It has become painfully obvious over recent months that Republicans in the General Assembly know little about public education and care less. For all the breathless talk about a proposed salary increase for teachers in the state Senate budget, there continue to be disturbing signs of real ignorance among lawmakers when it comes to what public schools need to work.
And, by the way, what children need.
Senators now propose to cut even more positions for teacher assistants, the vital helpers who make it possible for teachers to bear down on the mission of teaching and to give needed time to students who need it. Assistants are under-named, if anything, because they take on many teacher tasks. Anyone who has spent time in an elementary classroom has seen just how much they do, from helping to maintain discipline to helping students with special needs, to providing precious time so teachers can focus on lesson plans.
The assistants also help teachers enliven classrooms with imaginative work on projects or decorations or field trips. And they can help make up for the problems that come with larger numbers of students in classrooms.

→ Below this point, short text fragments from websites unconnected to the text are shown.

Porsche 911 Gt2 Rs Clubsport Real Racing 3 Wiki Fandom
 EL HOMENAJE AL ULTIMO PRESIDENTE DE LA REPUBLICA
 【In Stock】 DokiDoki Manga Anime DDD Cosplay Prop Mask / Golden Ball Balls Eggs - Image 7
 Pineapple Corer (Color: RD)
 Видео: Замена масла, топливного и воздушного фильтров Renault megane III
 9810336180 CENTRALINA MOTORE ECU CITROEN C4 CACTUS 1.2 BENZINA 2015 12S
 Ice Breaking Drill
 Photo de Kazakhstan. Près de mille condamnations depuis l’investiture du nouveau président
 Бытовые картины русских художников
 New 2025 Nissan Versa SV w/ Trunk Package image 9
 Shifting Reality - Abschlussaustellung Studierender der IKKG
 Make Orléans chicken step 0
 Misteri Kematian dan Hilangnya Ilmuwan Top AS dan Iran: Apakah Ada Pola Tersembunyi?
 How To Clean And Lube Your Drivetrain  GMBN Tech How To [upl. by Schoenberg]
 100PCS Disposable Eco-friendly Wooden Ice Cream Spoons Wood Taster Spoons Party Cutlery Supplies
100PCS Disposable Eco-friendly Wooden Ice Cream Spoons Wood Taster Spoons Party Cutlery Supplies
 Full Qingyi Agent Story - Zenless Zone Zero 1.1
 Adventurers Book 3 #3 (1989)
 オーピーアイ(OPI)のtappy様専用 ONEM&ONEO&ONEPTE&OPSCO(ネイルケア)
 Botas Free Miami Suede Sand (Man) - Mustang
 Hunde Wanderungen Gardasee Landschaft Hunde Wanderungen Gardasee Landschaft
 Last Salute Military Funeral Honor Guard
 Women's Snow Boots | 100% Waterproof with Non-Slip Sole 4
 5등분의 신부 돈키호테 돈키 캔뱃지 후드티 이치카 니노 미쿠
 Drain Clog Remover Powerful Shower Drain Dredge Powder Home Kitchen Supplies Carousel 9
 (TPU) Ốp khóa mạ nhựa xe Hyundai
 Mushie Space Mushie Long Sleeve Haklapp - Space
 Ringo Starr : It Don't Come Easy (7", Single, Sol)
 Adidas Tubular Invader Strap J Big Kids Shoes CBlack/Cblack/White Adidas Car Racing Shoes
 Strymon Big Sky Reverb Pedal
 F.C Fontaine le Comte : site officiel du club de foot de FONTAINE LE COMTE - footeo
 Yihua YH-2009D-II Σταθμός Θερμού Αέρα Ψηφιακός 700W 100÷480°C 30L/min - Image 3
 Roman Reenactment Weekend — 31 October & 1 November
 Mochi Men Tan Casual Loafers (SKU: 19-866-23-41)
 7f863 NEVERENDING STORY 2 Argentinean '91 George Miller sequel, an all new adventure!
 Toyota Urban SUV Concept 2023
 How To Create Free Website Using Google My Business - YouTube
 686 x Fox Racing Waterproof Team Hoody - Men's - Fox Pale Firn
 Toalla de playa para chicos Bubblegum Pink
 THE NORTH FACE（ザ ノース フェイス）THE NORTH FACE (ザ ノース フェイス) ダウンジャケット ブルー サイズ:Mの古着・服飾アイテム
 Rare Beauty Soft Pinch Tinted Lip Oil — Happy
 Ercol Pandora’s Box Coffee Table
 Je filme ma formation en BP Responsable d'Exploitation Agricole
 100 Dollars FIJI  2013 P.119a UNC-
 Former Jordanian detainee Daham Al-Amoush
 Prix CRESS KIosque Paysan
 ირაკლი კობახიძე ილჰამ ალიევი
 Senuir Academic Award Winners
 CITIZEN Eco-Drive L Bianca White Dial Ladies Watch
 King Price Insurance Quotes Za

It’s simply hard these days to imagine those classrooms without them, but thanks to Republicans in the General Assembly, parents are going to find out what it’s like if a state Senate budget goes through. The GOP-run Senate wants to cut assistants and use them only in kindergarten and first grade rather than through third grade.
It is a maddening idea, bad for kids and bad for public education. It’s also going to prove politically nutty. Republican leaders speak of public schools as if they were an antiquated way to educate young people, preferring to emphasize charter schools (funded by the public, by the way) and flirting with vouchers to provide some parents with money to send their kids to private schools.
But public schools have served North Carolina well, offering a foundation for many children to broaden their horizons, to go to college, to build bright futures. Along the way, many were inspired by a single teacher or, yes, a teacher assistant.
The attacks on teachers that have come from some Republicans who now want teachers to believe they are their champions speak to a broader skepticism in the GOP about public schools, period. But the vast majority of families in this state, including some with conservative Republicans in them, send their kids to public schools and believe in them.
And all those families are going to feel the effects of fewer teacher assistants. They won’t like it.
How many governors in the last century in North Carolina have used public education as a cornerstone of their entire terms in office? Virtually all of them have, which has been good for them politically and good for North Carolina. But these governors highlighted public education because they knew it was important for the state’s future.
Gov. Pat McCrory could stand up here, on this one issue, and he would feel support from the people who elected him. He could demonstrate that he understands what is important to average citizens and does not just follow the narrow political agenda of legislators. Fighting for teacher assistants is a good place to start.